## The task
Give again, unaltered, the line with "Natural Wealth® MAGNESIUM 250 mg 100 Tableta" and all lines that follow it in the listing below, minus any pictures.

## Source data
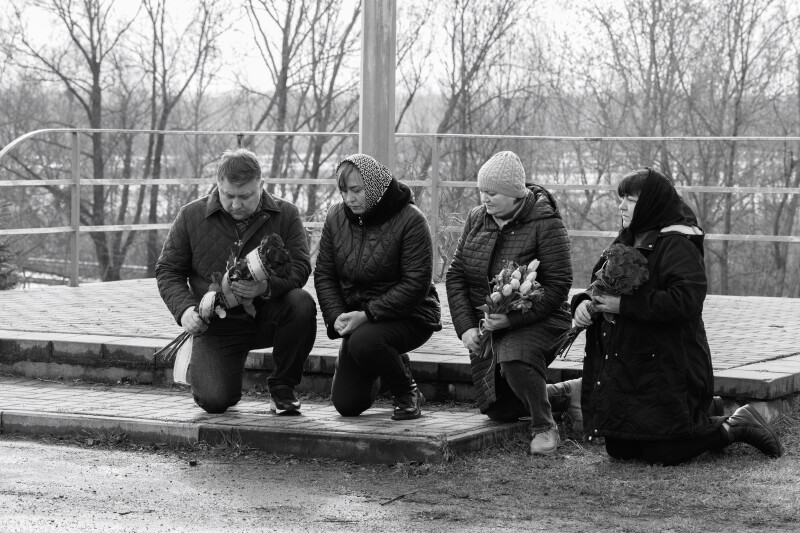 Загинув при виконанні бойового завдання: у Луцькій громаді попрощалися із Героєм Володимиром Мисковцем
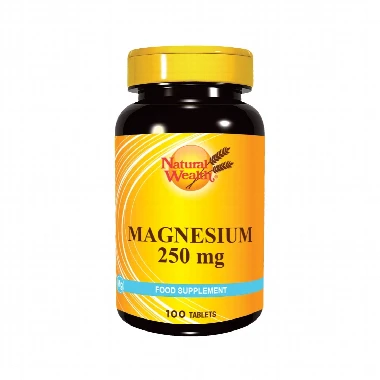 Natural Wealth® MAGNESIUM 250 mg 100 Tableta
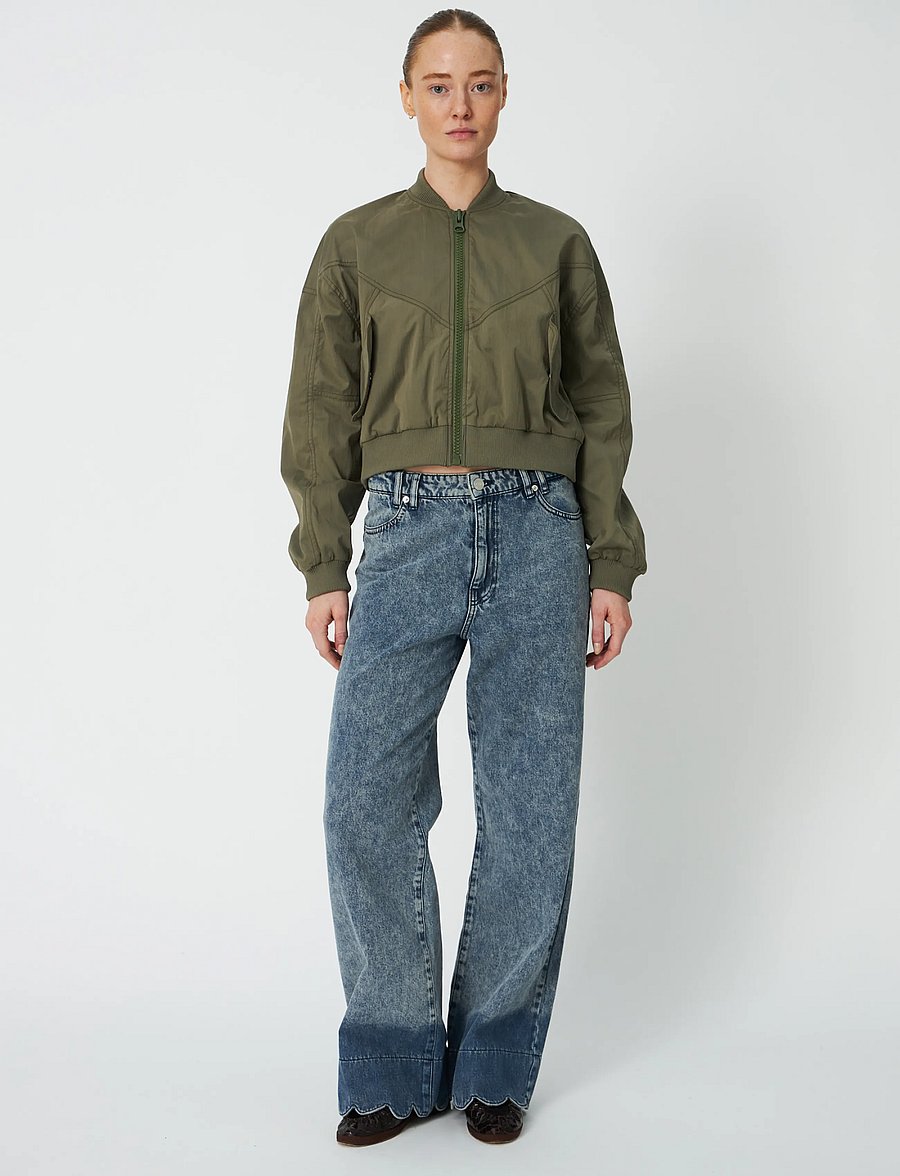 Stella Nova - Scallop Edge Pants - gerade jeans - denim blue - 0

## Written reply
 Natural Wealth® MAGNESIUM 250 mg 100 Tableta
 Stella Nova - Scallop Edge Pants - gerade jeans - denim blue - 0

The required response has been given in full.